▼
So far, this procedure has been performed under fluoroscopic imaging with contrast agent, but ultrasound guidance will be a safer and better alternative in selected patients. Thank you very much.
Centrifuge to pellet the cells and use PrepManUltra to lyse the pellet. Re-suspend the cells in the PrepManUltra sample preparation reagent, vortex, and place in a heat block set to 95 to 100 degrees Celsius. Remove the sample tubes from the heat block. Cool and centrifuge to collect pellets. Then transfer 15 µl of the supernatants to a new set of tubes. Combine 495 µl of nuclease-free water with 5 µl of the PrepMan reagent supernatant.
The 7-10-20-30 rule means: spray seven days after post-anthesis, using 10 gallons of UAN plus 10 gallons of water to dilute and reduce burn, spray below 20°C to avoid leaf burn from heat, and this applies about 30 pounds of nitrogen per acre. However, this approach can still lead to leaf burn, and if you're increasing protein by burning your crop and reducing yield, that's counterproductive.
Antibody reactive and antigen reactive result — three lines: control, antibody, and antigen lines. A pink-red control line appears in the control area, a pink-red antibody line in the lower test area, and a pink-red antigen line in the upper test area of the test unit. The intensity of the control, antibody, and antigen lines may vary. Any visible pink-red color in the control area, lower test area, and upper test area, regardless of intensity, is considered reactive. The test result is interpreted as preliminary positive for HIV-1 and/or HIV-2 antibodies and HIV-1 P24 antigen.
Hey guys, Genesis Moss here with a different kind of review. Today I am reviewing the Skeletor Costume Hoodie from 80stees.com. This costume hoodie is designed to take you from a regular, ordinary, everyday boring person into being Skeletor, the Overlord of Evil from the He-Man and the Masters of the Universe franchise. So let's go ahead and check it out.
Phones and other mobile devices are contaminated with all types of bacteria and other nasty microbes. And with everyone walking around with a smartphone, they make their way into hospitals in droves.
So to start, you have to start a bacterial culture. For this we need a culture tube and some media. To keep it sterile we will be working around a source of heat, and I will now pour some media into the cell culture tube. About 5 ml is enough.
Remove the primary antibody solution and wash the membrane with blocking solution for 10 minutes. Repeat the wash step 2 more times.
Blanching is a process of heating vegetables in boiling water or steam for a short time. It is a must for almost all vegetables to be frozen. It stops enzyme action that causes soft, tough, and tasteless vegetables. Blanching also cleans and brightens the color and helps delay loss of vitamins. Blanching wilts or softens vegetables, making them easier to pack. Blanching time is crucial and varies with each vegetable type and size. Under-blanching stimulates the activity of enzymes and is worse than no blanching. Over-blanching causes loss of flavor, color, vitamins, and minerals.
▲
▶ _What the task asks_
Print every record above exactly as it appears.

▶ _Written response_
So far, this procedure has been performed under fluoroscopic imaging with contrast agent, but ultrasound guidance will be a safer and better alternative in selected patients. Thank you very much.
Centrifuge to pellet the cells and use PrepManUltra to lyse the pellet. Re-suspend the cells in the PrepManUltra sample preparation reagent, vortex, and place in a heat block set to 95 to 100 degrees Celsius. Remove the sample tubes from the heat block. Cool and centrifuge to collect pellets. Then transfer 15 µl of the supernatants to a new set of tubes. Combine 495 µl of nuclease-free water with 5 µl of the PrepMan reagent supernatant.
The 7-10-20-30 rule means: spray seven days after post-anthesis, using 10 gallons of UAN plus 10 gallons of water to dilute and reduce burn, spray below 20°C to avoid leaf burn from heat, and this applies about 30 pounds of nitrogen per acre. However, this approach can still lead to leaf burn, and if you're increasing protein by burning your crop and reducing yield, that's counterproductive.
Antibody reactive and antigen reactive result — three lines: control, antibody, and antigen lines. A pink-red control line appears in the control area, a pink-red antibody line in the lower test area, and a pink-red antigen line in the upper test area of the test unit. The intensity of the control, antibody, and antigen lines may vary. Any visible pink-red color in the control area, lower test area, and upper test area, regardless of intensity, is considered reactive. The test result is interpreted as preliminary positive for HIV-1 and/or HIV-2 antibodies and HIV-1 P24 antigen.
Hey guys, Genesis Moss here with a different kind of review. Today I am reviewing the Skeletor Costume Hoodie from 80stees.com. This costume hoodie is designed to take you from a regular, ordinary, everyday boring person into being Skeletor, the Overlord of Evil from the He-Man and the Masters of the Universe franchise. So let's go ahead and check it out.
Phones and other mobile devices are contaminated with all types of bacteria and other nasty microbes. And with everyone walking around with a smartphone, they make their way into hospitals in droves.
So to start, you have to start a bacterial culture. For this we need a culture tube and some media. To keep it sterile we will be working around a source of heat, and I will now pour some media into the cell culture tube. About 5 ml is enough.
Remove the primary antibody solution and wash the membrane with blocking solution for 10 minutes. Repeat the wash step 2 more times.
Blanching is a process of heating vegetables in boiling water or steam for a short time. It is a must for almost all vegetables to be frozen. It stops enzyme action that causes soft, tough, and tasteless vegetables. Blanching also cleans and brightens the color and helps delay loss of vitamins. Blanching wilts or softens vegetables, making them easier to pack. Blanching time is crucial and varies with each vegetable type and size. Under-blanching stimulates the activity of enzymes and is worse than no blanching. Over-blanching causes loss of flavor, color, vitamins, and minerals.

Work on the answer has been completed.